“GRILLED CHEESE has always been my go-to,” said Robynne Maii. In her debut Slow Food Fast contribution, the chef serves an elevated, summery version that is infused with a variety of cheeses as well as soft slices of squash. The recipe is based on a dish that she served in Her Honolulu Restaurant, Fete; it mixes cheeses to create richness. “You want something mild, something sharp and something unctuous,” Maii explained. With warm tomato sauce to dip, the smart combination tastes a lot like a pizza deconstructed. “There’s just something so comforting about it,” Maii declared.

Kitty Greenwald is a cook, food writer, and co-author of Slow Fires (Clarkson Potter)

Grilled Cheese With Summer Squash Ribbons and Tomato Compote

To create a truly charming grill cheese that is crispy on the outside and melting inside, slow and consistent cooking is the best way to go.

Total Time25 minutes



  • 1 cup and two tablespoons of olive oil
  • 1 1/2 cloves garlic, smashed
  • 1/2 teaspoon dried oregano
  • 1 (28-ounce) can of tomatoes crushed
  • Black pepper freshly crushed and Kosher Salt.
  • 1/4 teaspoon sugar and additional
  • 1 teaspoon of red pepper in flakes
  • 1. Summer squash cut into 1/8-inch wide ribbons
  • 8. ( half-inch) slices of country or sourdough bread
  • Four tablespoons of salted butter softened.
  • 8 Ounces Fontina (about two cups) Shredded
  • 4 ounces (about 1/2 cup) shredded mozzarella
  • Six tablespoons grated Parmesan, plus extra


  1. In a small pan, put together the olive oil of 1/4 cup with garlic and oregano. Reduce heat to a simmer, then switch off the heat and let it sit for over 10 minutes. In a medium-sized pot, mix crushed tomatoes along with salt and pepper, red pepper flakes, and sugar. Simmer over medium heat until flavors meld, 5-7 minutes.
  2. Clean garlic off the oil and dispose of it. Stir oil into tomato mixture. With an immersion blender, blend until smooth. Sprinkle with salt and pepper, as well as some sugar, according to your preference.
  3. Mix squash in two tablespoons of sea salt and a little oil. In a large skillet at medium-high heat, cook the squash until lightly brown and soft, 1-2 mins per side. (Cook squash in small portions to avoid overcrowding.) Place aside and clean the pan.
  4. Spread the bread slices’ sides with butter that has been softened. Mix the cheeses in the bowl of a small. Use the clean pan to toast the bread on one side on a medium-low heat to golden. Transfer half the bread to the side and then place the other slices in the pan. Sprinkle 1/3 cup of cheese on the toast in the pan. Then, top it with some squash ribbons and another 1/3 cup of cheese. Then, cover with the bread slices, toasting side up, then press gently. Reduce heat to medium-low low, and simmer until it is golden and crispy, around 3 minutes. After that, flip the dish and cook on the other side until the other side is brown and the cheese is completely melted.
  5. Transfer the sandwiches onto the cutting board and cut into triangles. To dip, serve alongside small serving bowls of hot tomato sauce, garnished with more Parmesan.

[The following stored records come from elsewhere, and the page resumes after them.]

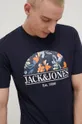 Pamučna majica Jack & Jones mornarsko plava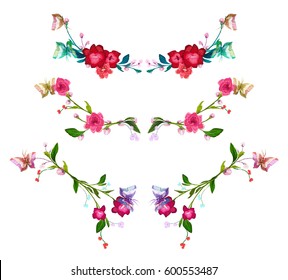 Colorful Flowers and butterfly patches, floral embroidery for t-shirt design, neck line print. Hand drawn separated editable elements, retro, vintage vector illustration, isolated on background.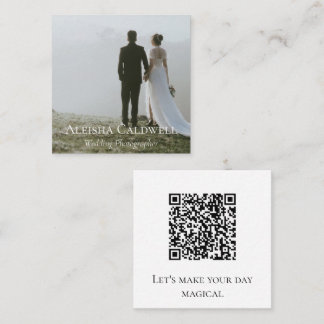 Cartão De Visita Quadrado Fotógrafo de Casamento Minimalista Código QR Quadr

In an effort to cut down on her consumption of beef, Mandy Lee, the Hong Food blogger based in Hong Kong who is behind Lady and Pups, was determined to find a substitute breakable protein. Mandy Lee had some success using thighs of chicken that were dark meat, which can be much more efficient than a leaner breast of chicken to make a burger, but the end result did not quite meet the same standards as beef.

Then, it hit her when she added ground chicken skin to the thigh meat that was ground; Lee received the full taste and crisp exterior she wanted. “I don’t really miss a beef burger when I have a good chicken smash burger,” Lee said. “Chicken skin is one of the most underutilized weapons if you want to add flavor.”

Her method starts by freezing bits of skinless, boneless chicken thigh. In this way, she will get a fine, smooth ground chicken that is dotted with skin bits when she blends the whole thing in the food processor. In the absence of this, you’ll be left with a tasteless paste.